★台湾藝術雑誌ARTALK 長編評論『第十二夜』
BY:鴻鴻 (詩人、作・演出家) 翻訳/陳重穎
2018年年末、僅か2ヶ月の間に、シェイクスピアのラブ・コメディー『十二夜』をミュージカルに改編された作品が台湾で2回も上演された。10月の淡水雲門劇場(淡水Cloud Gate Theater)での公演は、台南人劇団バージョンで、時代背景は1930年代の上海に設定され、生演奏を伴い、クラブをメイン・ステージに、歌と踊りをショーアップした上に、「人生こそお芝居」というテーマを浮き彫りにした。
一方、12月の国立台北藝術大学演劇学部バージョンは、「日本アングラ演劇の帝王」である流山児祥が客員演出家として演出。注目すべきは、音楽担当は両方とも柯智豪(カー・チーハゥ)だった。
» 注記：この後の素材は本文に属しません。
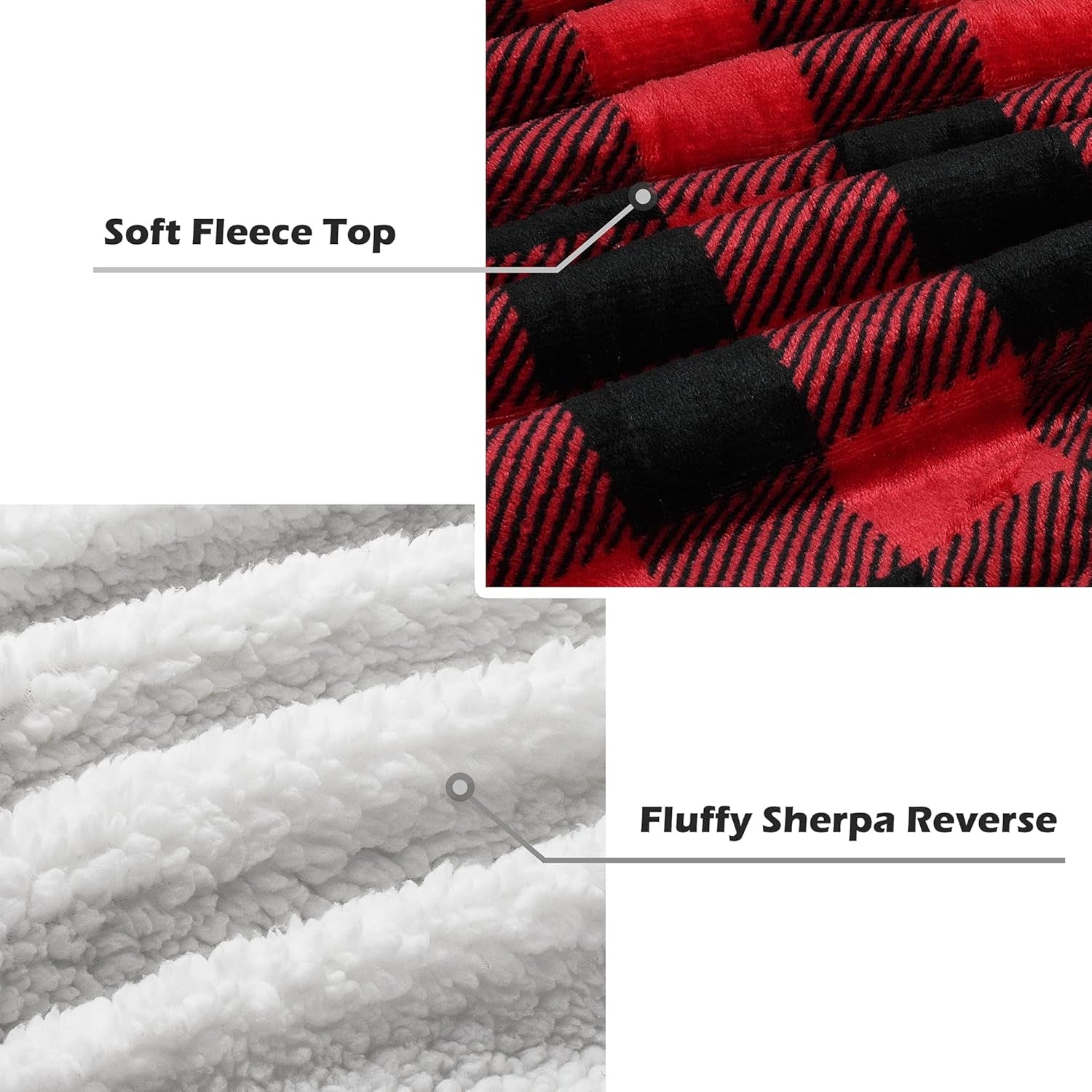 Red Black Checkered Holiday Blanket, Buffalo Plaid Sherpa Throw for Couch Sofa Cabin Decor | Soft, Warm, Comfy, Fuzzy, Snuggy | 60X50 Inches, Christmas Blanket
彼の豊富な劇場経験によって、伝統音楽を始め、ポップ、ジャズ、テクノ、抜群な取捨選択のセンスで、二つの『十二夜』のカンパニーに招かれたのも偶然ではないかもしれない。
流山児祥は2002年『狂人教育』台湾上演以来、台湾の演劇界を震撼させ続けている。彼の劇団(流山児★事務所)及び、シニア劇団(シアターRAKU)の多数のツアー公演にせよ、OURTHEATERとの二回のコラボである『マクベス』と『嫁妝一牛車』にせよ、鮮明なスタイルは一目瞭然で、今回の北藝大の学生らとコラボした『十二夜』もまた、その流山児スタイルを極致に至るまで発揮した。エネルギー全開のパフォーマンス、千変万化の場面変化、パッと、ビシッと、ズバッと、のリズムで切り替え、いたずらに劇中から抽出して劇場の現場から観る「メタシアター的視点」、そして「脇役=民衆の視点」を際立たせる群集シーン。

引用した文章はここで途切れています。